(Work to be completed): All lines from the one bearing "Socialist Rags to Capitalist Riches - eBook" through the end of the data below must be printed exactly as they stand, with pictures removed.

Start of Block

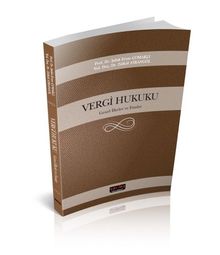 Vergi Hukuku (Genel İlkeler ve Esalar)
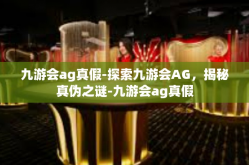 九游会ag真假-探索九游会AG，揭秘真伪之谜-九游会ag真假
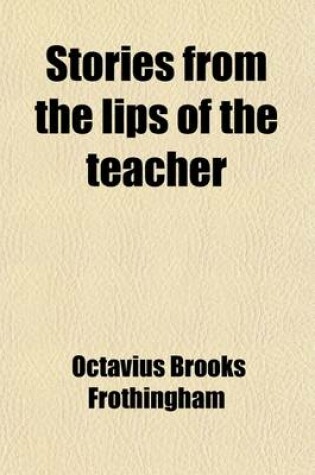 Cover of Stories from the Lips of the Teacher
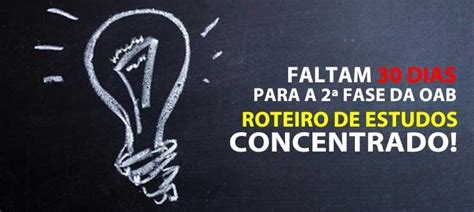 Faltam 30 dias para a 2ª fase da OAB roteiro de estudos concentrado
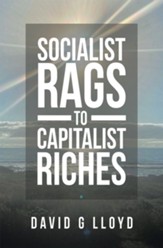 Socialist Rags to Capitalist Riches - eBook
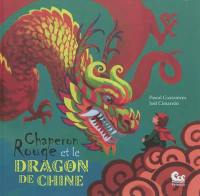 Chaperon rouge et le dragon de Chine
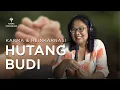Download Lagu Karma, Reinkarnasi \u0026 Hutang Budi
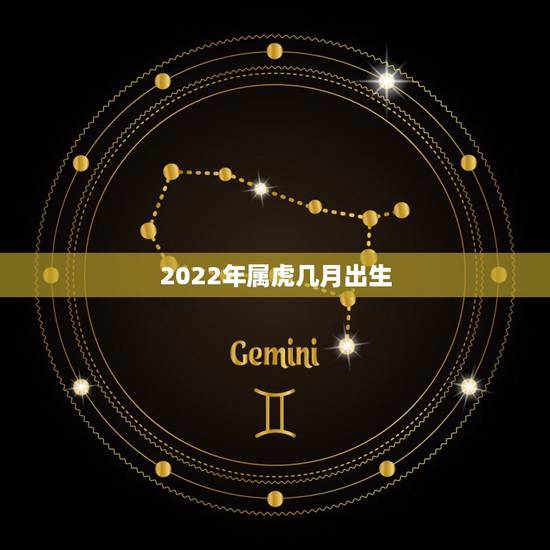 2022年属虎几月出生，2022年属虎的是什么命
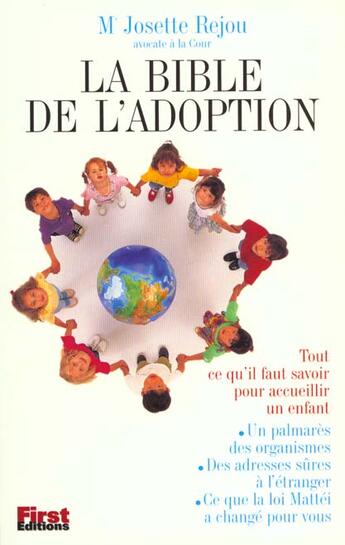 Couverture du livre « La Bible De L'Adoption 1999 » de Josette Rejou aux éditions First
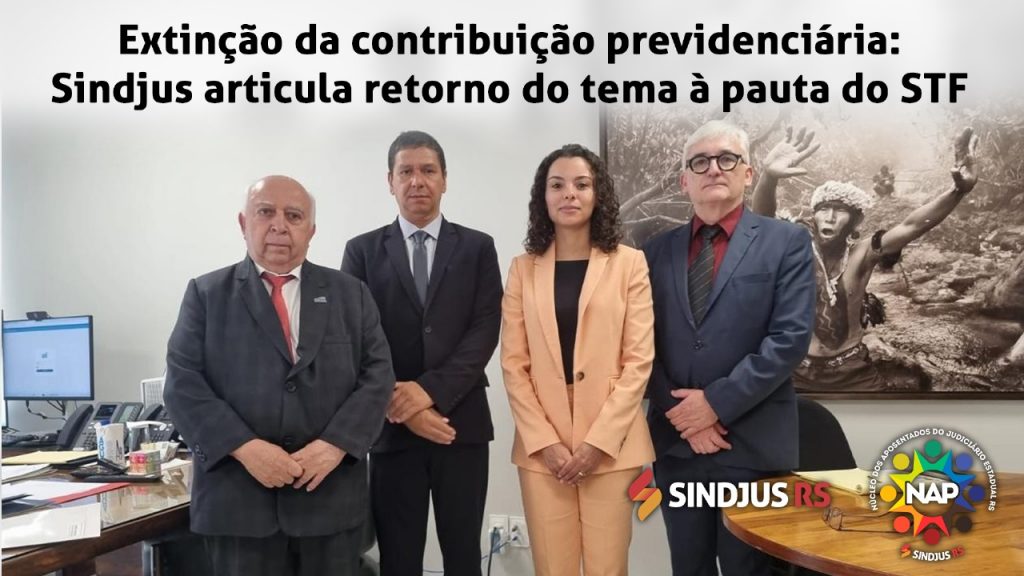 Extinção da contribuição previdenciária: Sindjus articula retorno do tema à pauta do STF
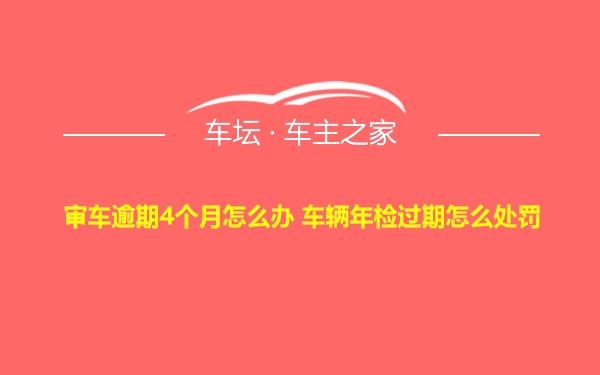 审车逾期4个月怎么办 车辆年检过期怎么处罚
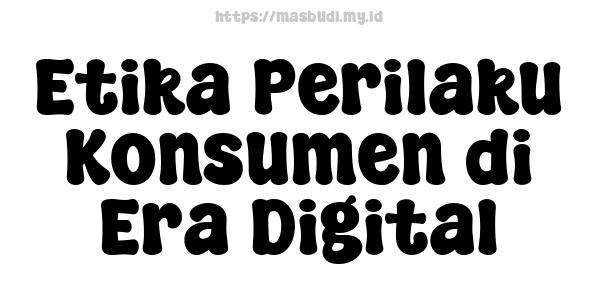 Etika Perilaku Konsumen di Era Digital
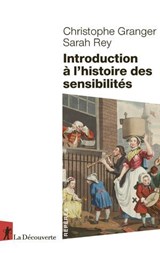 Introduction à l'histoire des sensibilités - Christophe Granger ; Sarah Rey - 9782348082566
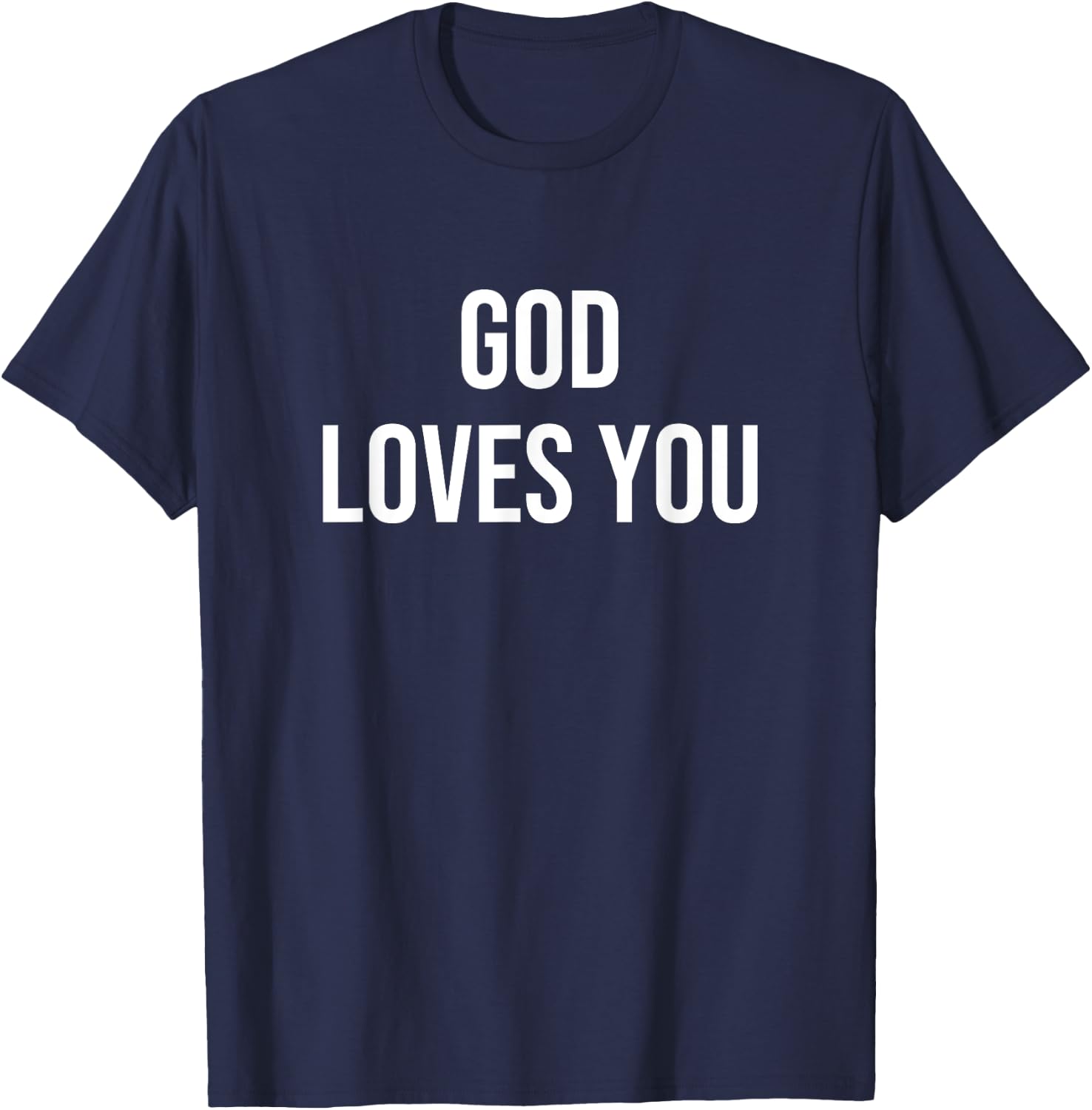 God Loves You T-Shirt - T-Shirt | Navy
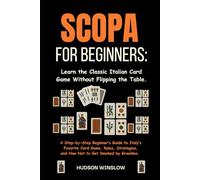 Scopa for Beginners: Learn the Classic Italian Card Game Without Flipping the Table.: A Step-by-Step Beginner’s Guide to Italy’s Favorite Card Game, ... and How Not to Get Smoked by Grandma.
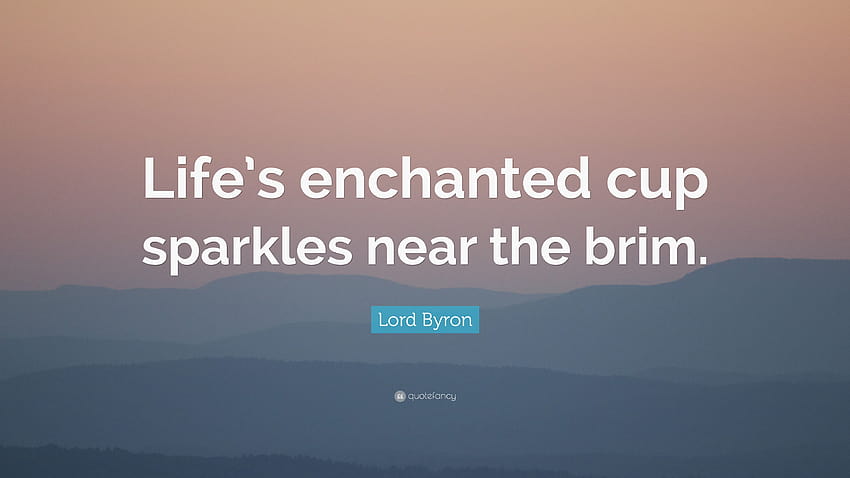 Lord Byron Quote: “Life's enchanted cup sparkles near the brim.” HD wallpaper
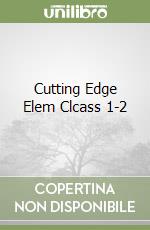 Cutting Edge Elem Clcass 1-2 libro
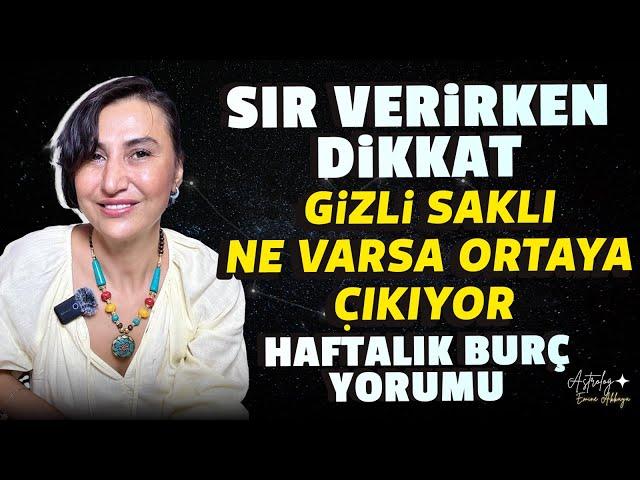 Sır Verirken DİKKAT! Gizli Saklı Ne Varsa Ortaya Çıkıyor Büyük KAOS Başlıyor | Haftalık Burç Yorumu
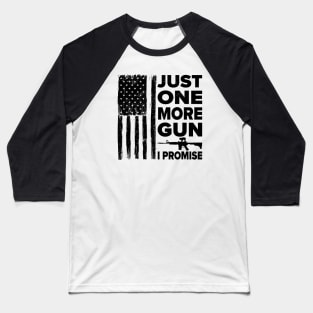 Just One More Gun I Promise Baseball T-Shirt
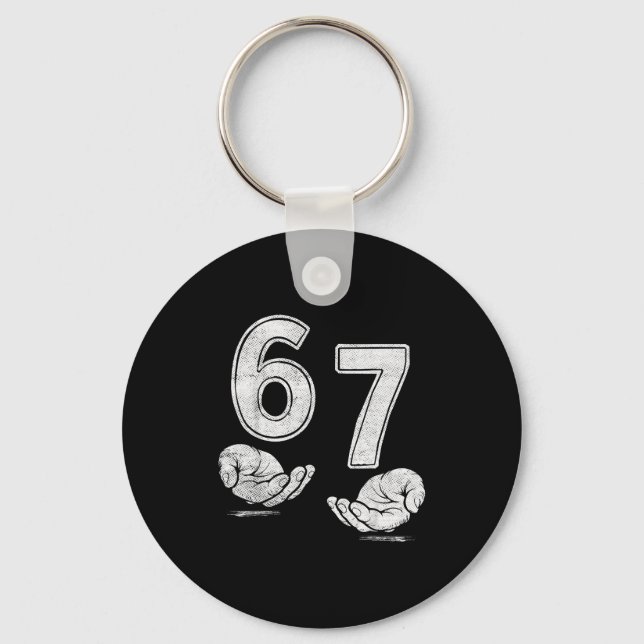 Funny Six Seven 6 7 Meme Shirt 6 7 Hands  Key Ring (Front)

End of Block

(Exercise output):
 Socialist Rags to Capitalist Riches - eBook
 Chaperon rouge et le dragon de Chine
Download Lagu Karma, Reinkarnasi \u0026 Hutang Budi
 2022年属虎几月出生，2022年属虎的是什么命
 Couverture du livre « La Bible De L'Adoption 1999 » de Josette Rejou aux éditions First
 Extinção da contribuição previdenciária: Sindjus articula retorno do tema à pauta do STF
 审车逾期4个月怎么办 车辆年检过期怎么处罚
 Etika Perilaku Konsumen di Era Digital
 Introduction à l'histoire des sensibilités - Christophe Granger ; Sarah Rey - 9782348082566
 God Loves You T-Shirt - T-Shirt | Navy
 Scopa for Beginners: Learn the Classic Italian Card Game Without Flipping the Table.: A Step-by-Step Beginner’s Guide to Italy’s Favorite Card Game, ... and How Not to Get Smoked by Grandma.
 Lord Byron Quote: “Life's enchanted cup sparkles near the brim.” HD wallpaper
 Cutting Edge Elem Clcass 1-2 libro
 Sır Verirken DİKKAT! Gizli Saklı Ne Varsa Ortaya Çıkıyor Büyük KAOS Başlıyor | Haftalık Burç Yorumu
 Just One More Gun I Promise Baseball T-Shirt
 Funny Six Seven 6 7 Meme Shirt 6 7 Hands  Key Ring (Front)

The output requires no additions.